◆ What you should do ◆
The response is to be the full listing, set down exactly.

Start of Provided material

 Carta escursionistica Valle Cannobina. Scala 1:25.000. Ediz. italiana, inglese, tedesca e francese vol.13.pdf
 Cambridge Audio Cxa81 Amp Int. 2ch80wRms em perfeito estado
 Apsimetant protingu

End of Provided material

◆ Completed task ◆
 Carta escursionistica Valle Cannobina. Scala 1:25.000. Ediz. italiana, inglese, tedesca e francese vol.13.pdf
 Cambridge Audio Cxa81 Amp Int. 2ch80wRms em perfeito estado
 Apsimetant protingu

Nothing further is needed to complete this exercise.